In order to achieve the 1024-bit RSA equivalent security, parameter p is selected as a 160-bit large prime. Assuming the same system model, the parameters of the three schemes for comparison, i.e. EC-EG, RCDA and IPHCDA, are also selected based on the same security level. The comparison of computation overhead of the three secure data aggregation schemes with our proposal is shown in Table 2, where the computation overhead of CH is the overhead of aggregating data from two cluster members; H is hash function; M160, M271 and Mn respectively denote 160-bit, 271-bit and n-bit scalar point multiplication; A160, A271, and An respectively denote 160-bit, 271-bit, and n-bit elliptic curve point addition; n is (k+1)|q|, and q is a 341-bit prime.
Table 2.Comparison of computation overhead.
Since we are comparing schemes built upon different parameters, it becomes important to have a base unit of measurement common to all schemes in order to fairly compare them. We choose that unit to be 1024-bit modular multiplications and follow the same methodology for comparison as in [24]. We convert the elliptic curve scalar point multiplication and point addition of different parameters to 1024-bit modular multiplications.
The comparison results of computation cost for the sensor node and the cluster node are shown in Fig. 2 and Fig. 3 respectively. For the sensor node, our proposal and the EC-EG scheme cost the least, since compared to EC-EG our proposal only needs one more hash function operation, which is negligible compared to the public key operations such as scalar point multiplication and point addition. The computational overhead of our proposal is only 29.2% of the RCDA scheme, and much lower than the IPHCDA scheme. For the cluster head, our proposal and the EC-EG scheme are comparable and cost the least. The aggregation overhead of our proposal is only 40.6% of the RCDA, and respectively 2.4%, 1.4% of the IPHCDA when k=2 and k=3. Therefore, our proposal has a significant advantage over the similar type of schemes in terms of computation overhead.
Fig. 2.Comparison of computation overhead of sensor node
Fig. 3.Comparison of computation overhead of cluster head
6.2 Communication Overhead
Communication Overhead. To evaluate the communication cost, we first compute the ciphertext size of each scheme. For our proposal, we choose the elliptic curve E(F160), where one point (x,y) occupied 2×160 bit. With the help of node compression techniques, the point can be compressed to 161bits (21 byte). In our scheme, the message sent by each sensor node is in the form of (ci||tagi), which is comprised of a ciphertext and a MAC tag. The ci = (Ri,Si) occupies 42 bytes. The MAC employs HMAC algorithm, thus tagi is 128 bits (16 byte). Therefore, the message sent by each node has a length of 58 bytes. Here we do not take the extra overhead arose from TinyOS packet encapsulation into consideration. As for the cluster head, it performs Aggregate function and sends the aggregated result to BS via a multi-hop fashion. The aggregated message (C,Tag) is also a constant, which is in the same form with (ci||tagi).

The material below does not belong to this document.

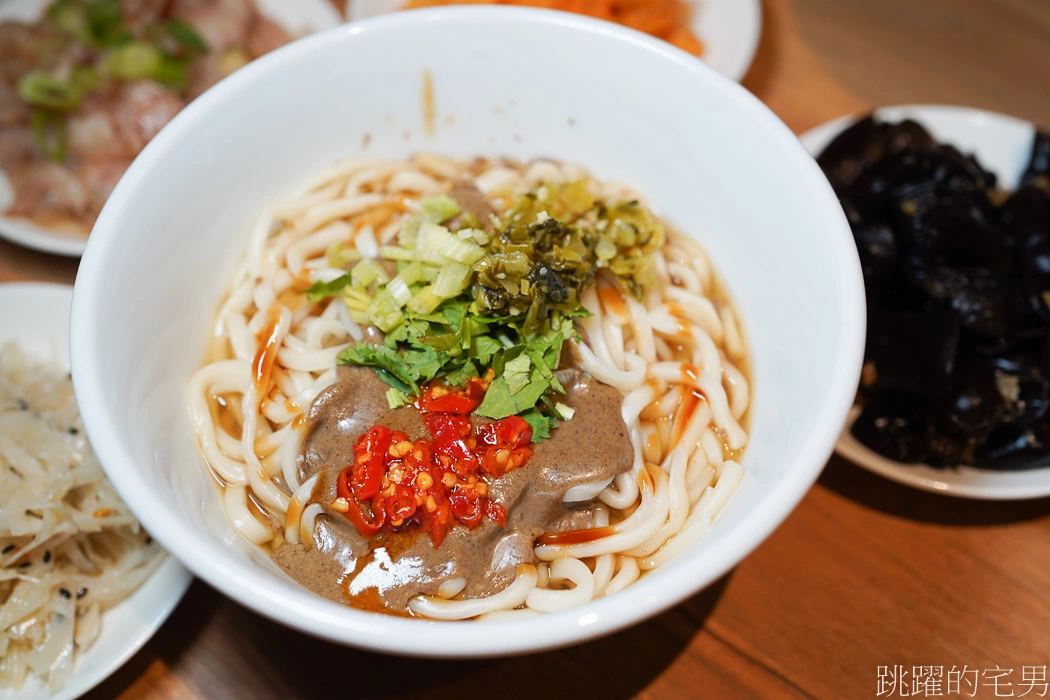 [萬華區美食]味牛肉麵專賣-使用台灣溫體牛的牛肉麵，牛筋口感超級好，牛筋滷肉飯推薦，台北牛肉麵(菜單)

Therefore the communication cost of each cluster head and each sensor node are the same. At the same security level, we select the elliptic curve defined on the finite field F2271 for the signature algorithm employed in the RCDA scheme. The signature occupies 34 bytes, thus the message sent by each node in the RCDA scheme is 76 bytes. In the IPHCDA scheme, the ciphertext has a length of (k+1)×|q| bits, where q is a 341-bit prime, and k denotes the number of node deployment areas. The comparison of ciphertext size of the three secure data aggregation schemes with our proposal is shown in Fig. 4.

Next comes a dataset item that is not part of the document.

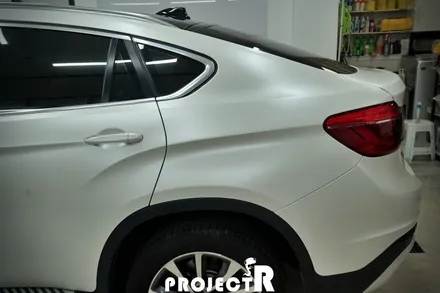 인천 자동차 랩핑, BMW X6 에이버리 사틴 화이트 펄 전체 랩핑 시공기 by 프로젝트알 / 부천 원미구 상동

Fig. 4.Comparison of ciphertext size
According to the results in Fig. 4, our proposal outperforms the RCDA and the IPHCDA scheme. This is due to the employment of more efficient privacy homomorphism and authentication algorithms. Compared with the EC-EG scheme, our scheme not only provides the integrity protection, but also supports the recovery of sensing data from aggregated results, adding only 16 bytes communication cost.
Simulation Results. To verify the theoretical analysis results in the above section, we establish a simulating network model as depicted in Fig.1 using TOSSIM. In the simulation network, 120 sensor nodes are randomly distributed over a 200 m × 200 m rectangle region where the BS is placed at the central point. The entire network is divided into 3 clusters where each cluster has a cluster head, performing the function of aggregator. Due to the harsh communication environment, a retransmission mechanism is employed to mitigate collision. In this mechanism, each sensor node waits a random time to send data, and retransmits the lost packets for up to 5 times when the collision occurs.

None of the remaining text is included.